Lawan Kotak Kosong Hanya Akal-akalan, Diperlukan Regulasi Ambang Batas Koalisi Parpol

Founder Lembaga Survei Kedai KOPI, Hendri Satrio/ist
Founder Lembaga Survei Kedai KOPI, Hendri Satrio/ist

Fenomena calon kepala daerah (Cakada) bersaing dengan kotak kosong di Pemilihan Kepala Daerah (Pilkada) 2024 dinilai hanya akal-akalan saja. Karena itu diperlukan regulasi yang membatasi ambang batas koalisi partai politik dalam pemilihan.  


"Harus ada aturan batasan atas ambang batas koalisi parpol dalam Pilpres/Pilkada, sehingga borong kursi parpol buat munculkan calon tunggal vs kotak kosong bisa disetop," kata Founder Lembaga Survei Kedai KOPI, Hendri Satrio dilansir dari Kantor Berita Politik  RMOL, Jumat (9/8).

Menurut Hendri, pembatasan ini akan memberikan ruang bagi calon lain untuk ikut serta dalam kontestasi, sehingga pemilih memiliki lebih banyak pilihan.

"Kan ada jalur independen? Lah iya, tapi bila ada aturan batasan ambang atas, demokrasi makin terjaga, Misalnya koalisi parpol bila sudah 40 persen sudah nggak bisa nambah parpol lagi," jelasnya.
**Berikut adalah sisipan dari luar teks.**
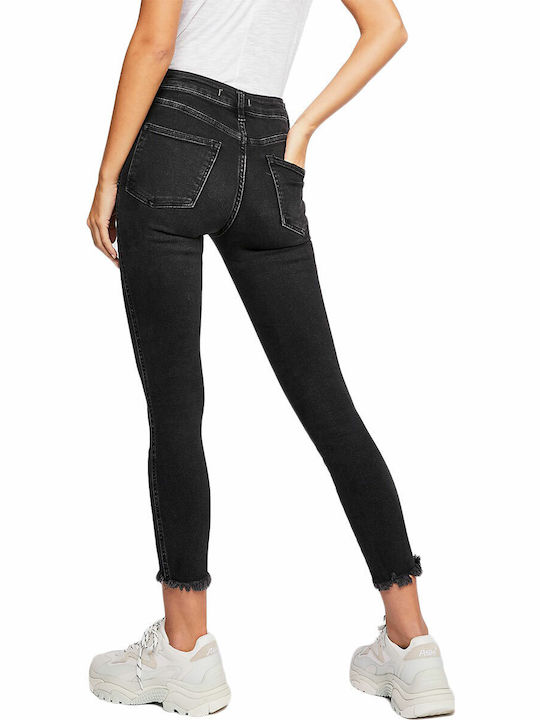 Free People Hoch tailliert Damenjeanshose Jeggings Black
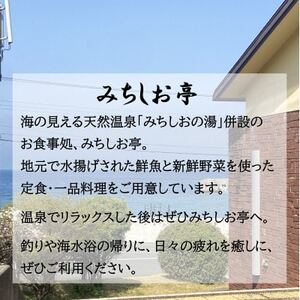 温泉館「海の里」みちしおの湯の食事処「みちしお亭」で使える食事券3,000円分【1618648】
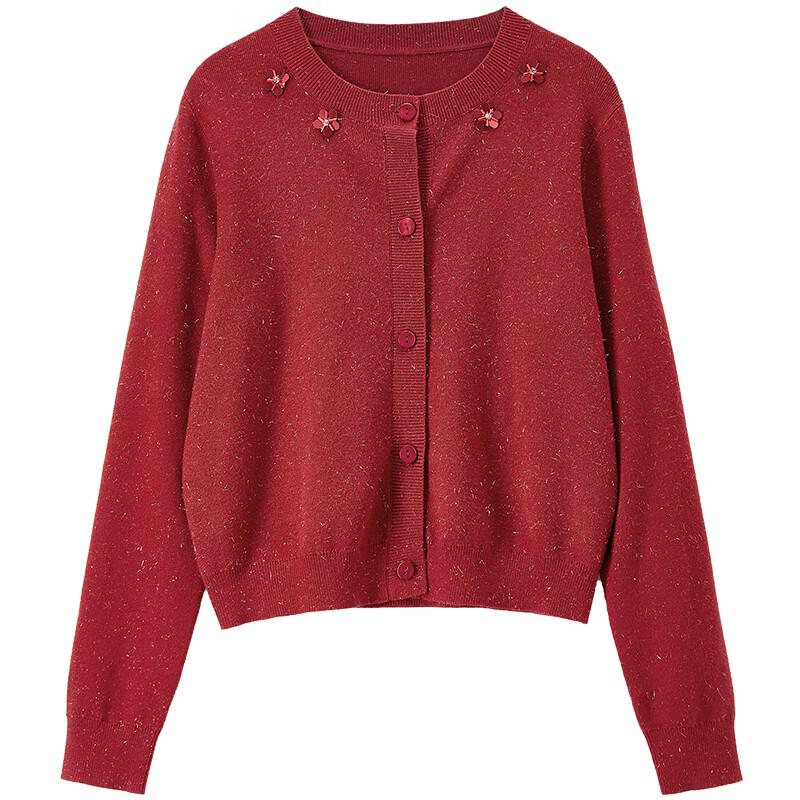 Women's Round Neck Knit Cardigan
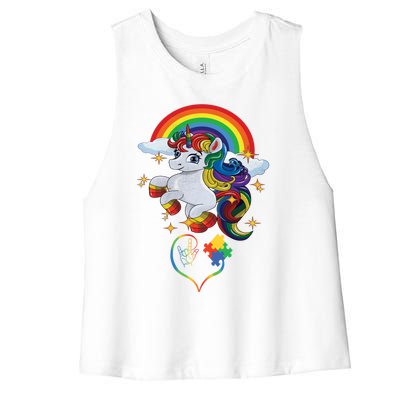 Autism Sign Language Asl Puzzle Be Kind Teacher Unicorn Gift Women's Racerback Cropped Tank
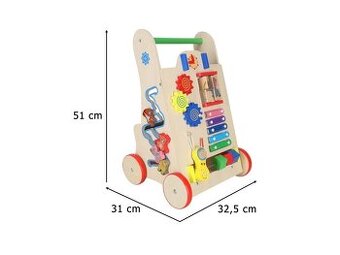 Vzdelávacie drevené chodítko 6v1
"Aneh banget bila pilkada, kotak kosong vs calon yang elektabilitasnya cuma di bawah 25 persen? Akal-akalan aja," sambung sosok yang akrab disapa Hensat itu.

Ketika masyarakat dihadapkan pada pilihan antara satu calon dan kotak kosong, partisipasi pemilih cenderung menurun, dan legitimasi pemimpin yang terpilih bisa dipertanyakan.

"Elektabilitas si tokoh kecil, misal 10 persen, tapi karena borong kursi parpol, dia bisa maju tanpa lawan (alias lawan kotak kosong)? Lah suara yang 90 persen dianggap nggak ada?" tandasnya.